DATA IN THIS EXERCISE section start
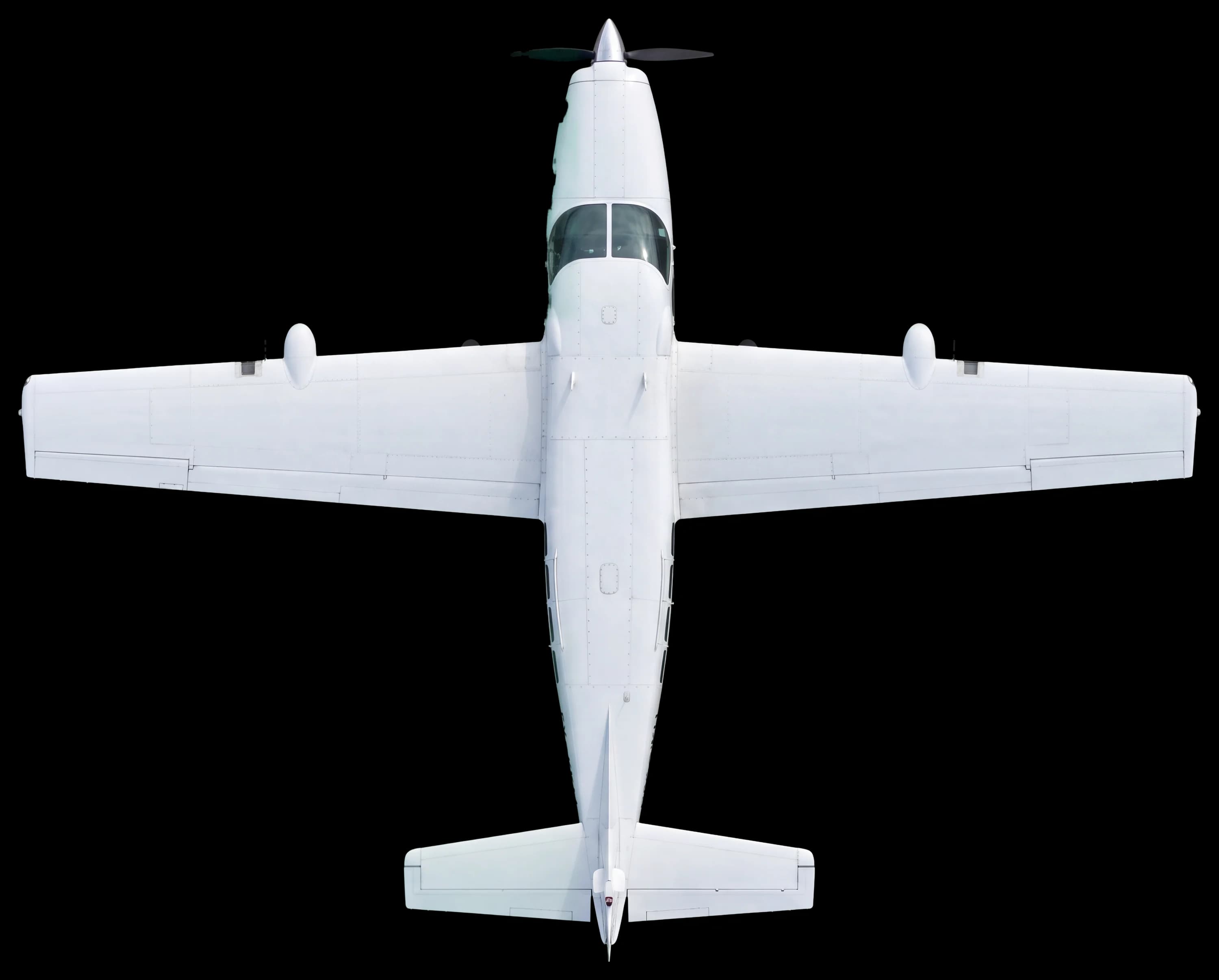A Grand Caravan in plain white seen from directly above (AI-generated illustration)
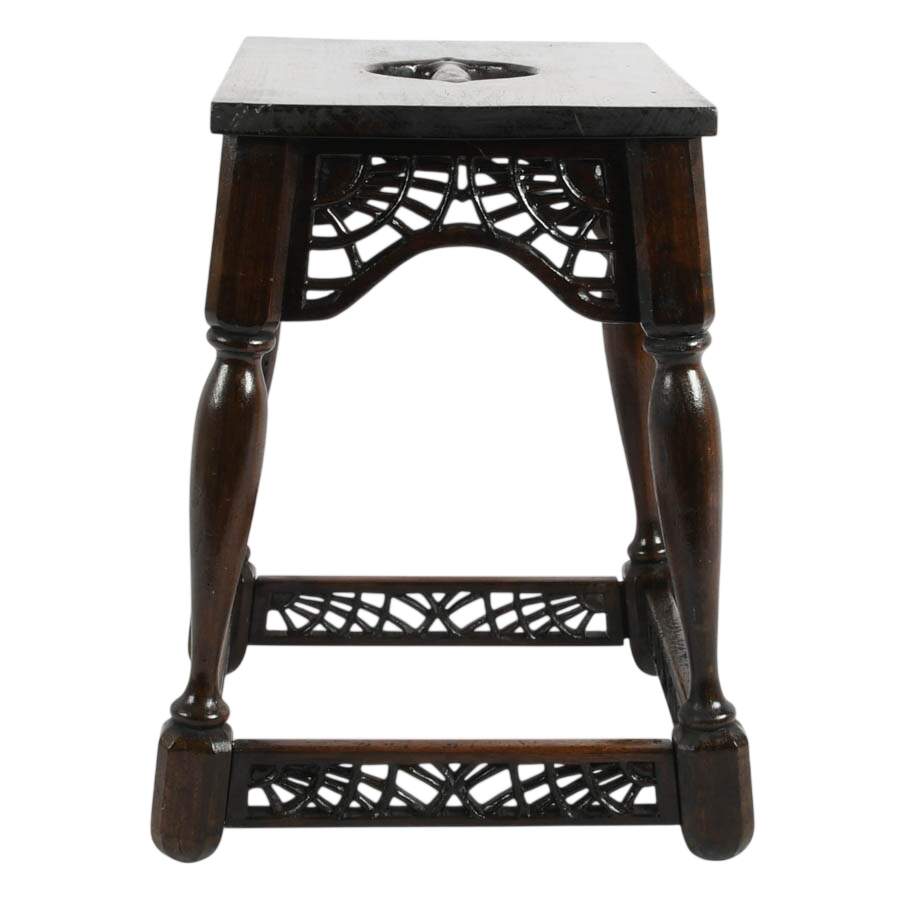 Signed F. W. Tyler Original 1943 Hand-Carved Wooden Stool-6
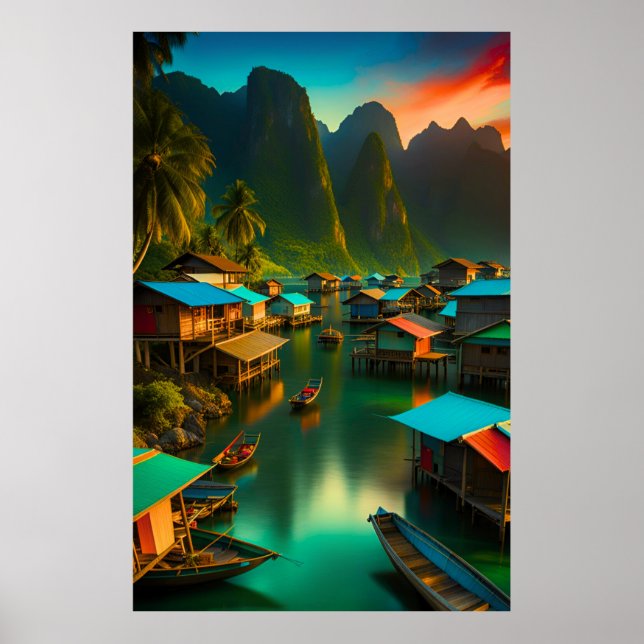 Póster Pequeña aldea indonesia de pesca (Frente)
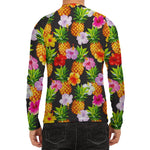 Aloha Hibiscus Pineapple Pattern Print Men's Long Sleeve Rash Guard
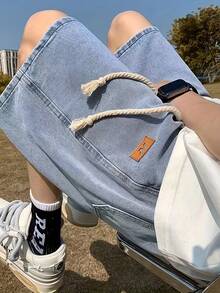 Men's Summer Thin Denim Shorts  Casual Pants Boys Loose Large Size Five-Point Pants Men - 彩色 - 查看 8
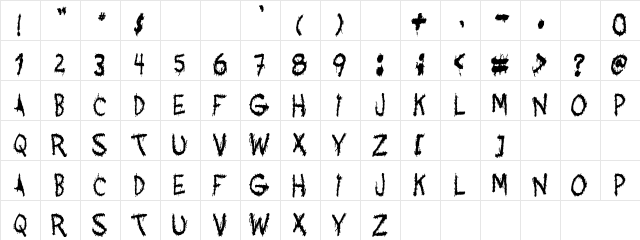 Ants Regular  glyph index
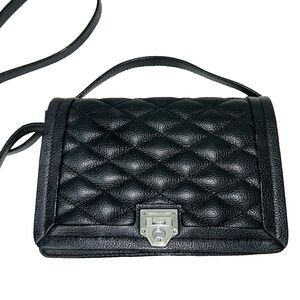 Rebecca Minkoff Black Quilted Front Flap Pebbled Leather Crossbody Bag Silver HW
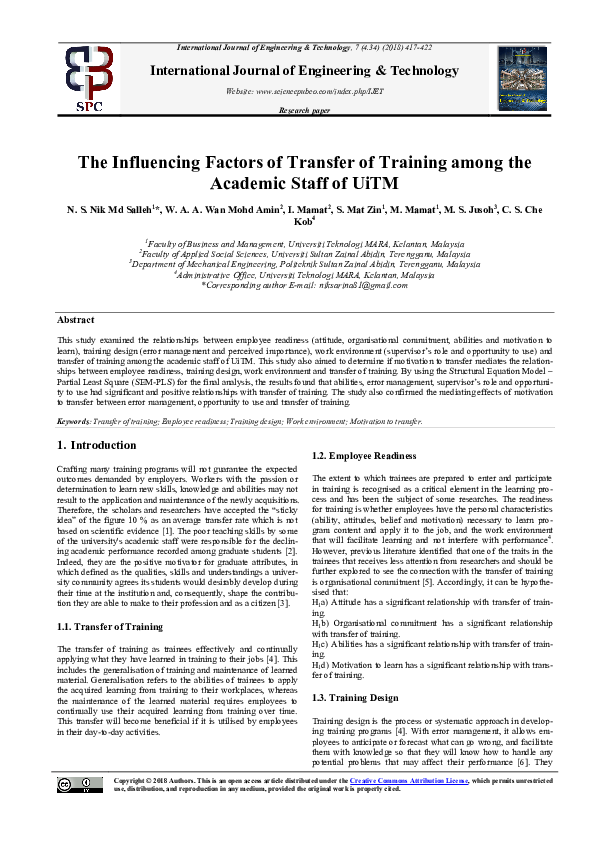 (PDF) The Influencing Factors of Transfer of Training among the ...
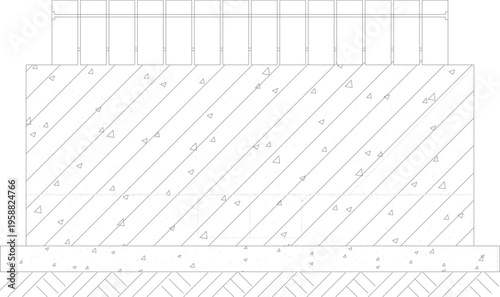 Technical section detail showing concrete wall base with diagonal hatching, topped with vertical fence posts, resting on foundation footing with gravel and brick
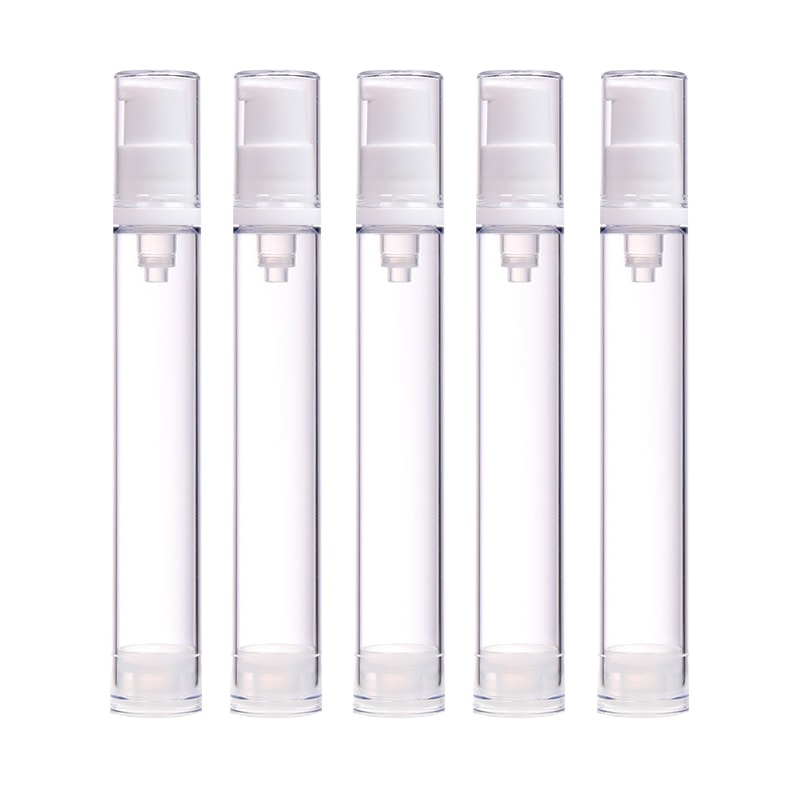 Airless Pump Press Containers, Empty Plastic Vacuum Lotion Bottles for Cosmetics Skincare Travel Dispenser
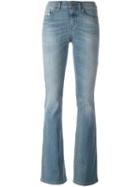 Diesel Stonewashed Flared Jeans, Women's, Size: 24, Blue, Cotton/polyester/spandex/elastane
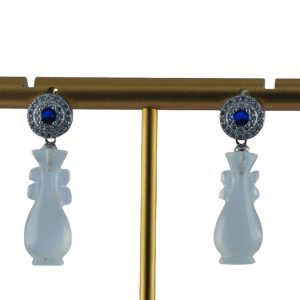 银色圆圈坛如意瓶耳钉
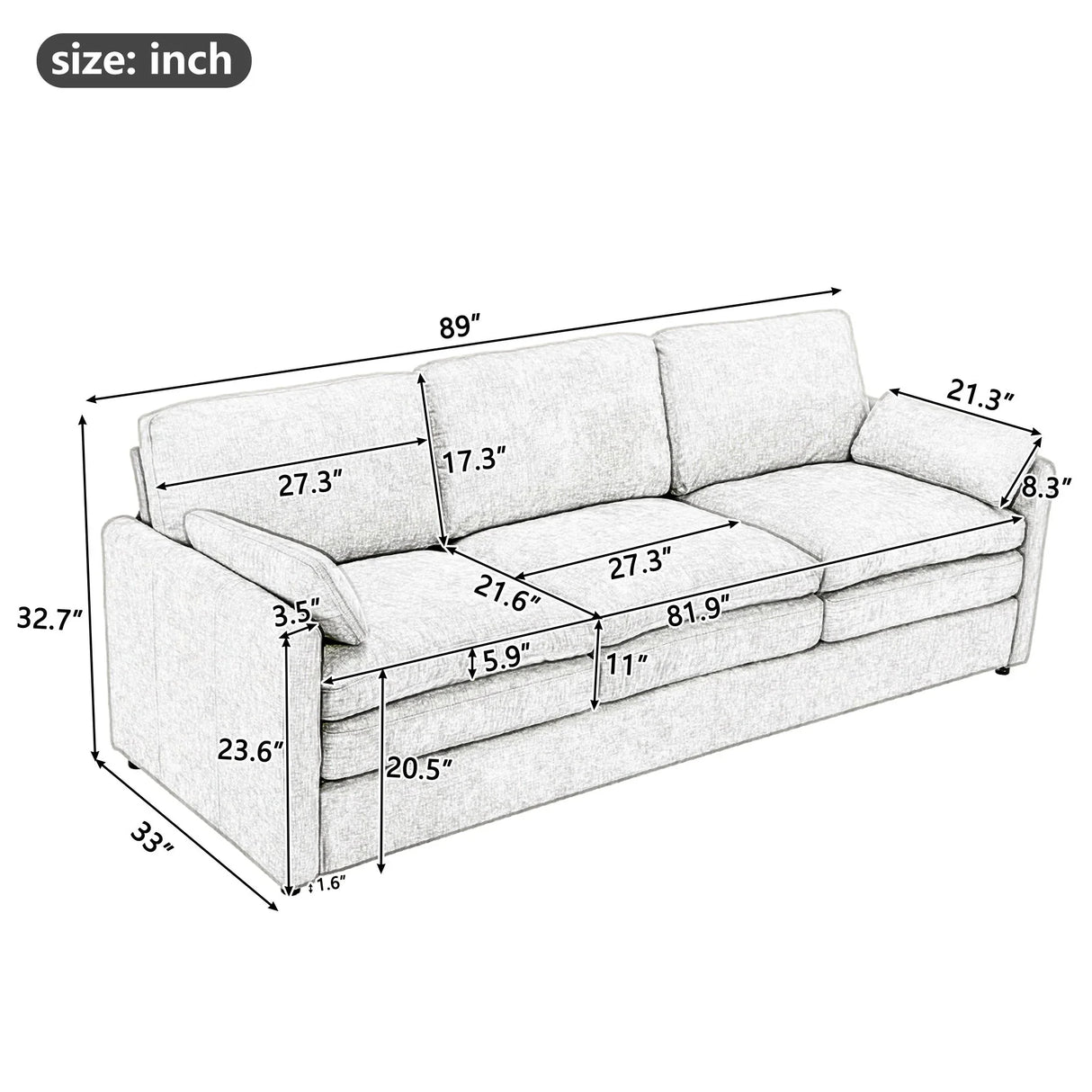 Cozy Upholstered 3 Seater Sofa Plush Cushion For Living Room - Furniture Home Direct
DATA IN THIS EXERCISE section end
EXERCISE DETAILS
Please set down, word for word, the lines starting at the line that holds "Póster Pequeña aldea" and running to the end of the listing, with no pictures.

RESPONSE FOR THIS EXERCISE
 Póster Pequeña aldea indonesia de pesca (Frente)
 Aloha Hibiscus Pineapple Pattern Print Men's Long Sleeve Rash Guard
 Men's Summer Thin Denim Shorts  Casual Pants Boys Loose Large Size Five-Point Pants Men - 彩色 - 查看 8
 Ants Regular  glyph index
 Rebecca Minkoff Black Quilted Front Flap Pebbled Leather Crossbody Bag Silver HW
 (PDF) The Influencing Factors of Transfer of Training among the ...
 Technical section detail showing concrete wall base with diagonal hatching, topped with vertical fence posts, resting on foundation footing with gravel and brick
 Airless Pump Press Containers, Empty Plastic Vacuum Lotion Bottles for Cosmetics Skincare Travel Dispenser
 Diesel Stonewashed Flared Jeans, Women's, Size: 24, Blue, Cotton/polyester/spandex/elastane
 银色圆圈坛如意瓶耳钉
 Cozy Upholstered 3 Seater Sofa Plush Cushion For Living Room - Furniture Home Direct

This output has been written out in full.